Global News asked the public their thoughts on the incidents.
“I’m appalled by it and it makes me sick,” said Lyle Painchaud.
“I don’t think they are even human, I think they need a check on reality. It’s not fair, it’s not fair what they are doing.”
“It’s sad, obviously. I think it’s really discouraging, like how these things are happening and continue to happen,” said Michelle Adrian.
“It’s unfortunate that these people view others as not human and as like some other entity.”
Kelowna’s artist in residence, an African woman from Zambia, gave her thoughts on the recent racist incidents. Lady Dia co-founded the first Black and Indigenous women organization in the Okanagan.

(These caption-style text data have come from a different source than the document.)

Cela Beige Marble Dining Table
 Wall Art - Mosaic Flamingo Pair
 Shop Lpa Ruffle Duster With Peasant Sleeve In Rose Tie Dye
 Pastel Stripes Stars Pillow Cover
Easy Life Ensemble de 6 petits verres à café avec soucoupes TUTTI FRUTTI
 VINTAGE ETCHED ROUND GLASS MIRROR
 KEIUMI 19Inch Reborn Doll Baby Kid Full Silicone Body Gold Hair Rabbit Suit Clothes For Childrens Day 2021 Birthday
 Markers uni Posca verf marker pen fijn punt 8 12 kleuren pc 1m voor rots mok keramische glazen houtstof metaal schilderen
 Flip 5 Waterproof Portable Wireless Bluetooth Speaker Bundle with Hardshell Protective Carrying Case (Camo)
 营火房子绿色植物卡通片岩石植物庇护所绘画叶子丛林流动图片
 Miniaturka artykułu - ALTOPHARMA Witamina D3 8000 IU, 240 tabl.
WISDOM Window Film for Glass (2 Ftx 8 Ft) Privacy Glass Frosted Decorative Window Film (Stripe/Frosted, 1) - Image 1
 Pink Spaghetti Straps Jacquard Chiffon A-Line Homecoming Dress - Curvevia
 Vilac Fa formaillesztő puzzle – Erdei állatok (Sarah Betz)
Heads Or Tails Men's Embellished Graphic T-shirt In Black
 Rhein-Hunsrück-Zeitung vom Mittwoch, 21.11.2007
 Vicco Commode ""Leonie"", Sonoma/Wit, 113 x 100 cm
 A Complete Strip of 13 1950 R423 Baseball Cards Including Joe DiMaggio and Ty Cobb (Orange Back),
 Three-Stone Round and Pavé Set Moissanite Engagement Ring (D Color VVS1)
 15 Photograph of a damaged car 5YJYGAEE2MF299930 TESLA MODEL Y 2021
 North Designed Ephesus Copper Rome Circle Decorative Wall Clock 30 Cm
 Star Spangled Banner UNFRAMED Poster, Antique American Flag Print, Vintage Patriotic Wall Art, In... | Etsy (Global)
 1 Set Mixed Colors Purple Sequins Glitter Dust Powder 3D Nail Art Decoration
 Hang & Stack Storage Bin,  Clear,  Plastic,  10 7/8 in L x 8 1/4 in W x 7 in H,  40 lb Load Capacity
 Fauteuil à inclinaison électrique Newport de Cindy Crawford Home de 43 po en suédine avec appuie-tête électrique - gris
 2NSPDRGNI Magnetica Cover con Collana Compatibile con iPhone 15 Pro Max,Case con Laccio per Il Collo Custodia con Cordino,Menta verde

“This is a state of emergency, this is urgent,” Dia told Global News.
“Peoples’ lives are on the line and a lot of people don’t feel the urgency because it’s not their lives on the line.”
Dia is a local activist for Indigenous Black and people of colour and was selected as the City of Kelowna’s artist in residence.
Her home is often used as a safe haven for people of colour, and she is no stranger to racism in Kelowna.
“At my house, the car was parked in the driveway and the back window was smashed and someone wrote the n-word across the back,” said Dia.
“And I just looked around and I was like ‘Oh my god, who’s here not vibing with us here.’”
Global News has heard from many people in the community regarding the Halloween display, saying the display was taken out of context.
Dia rebutted that, though, saying “racism is not only systemic, racism is cultural. It’s in the very being on how someone engages. It’s a culture and that is why they are having a very difficult time (understanding) because they have to look at themselves and they cannot.”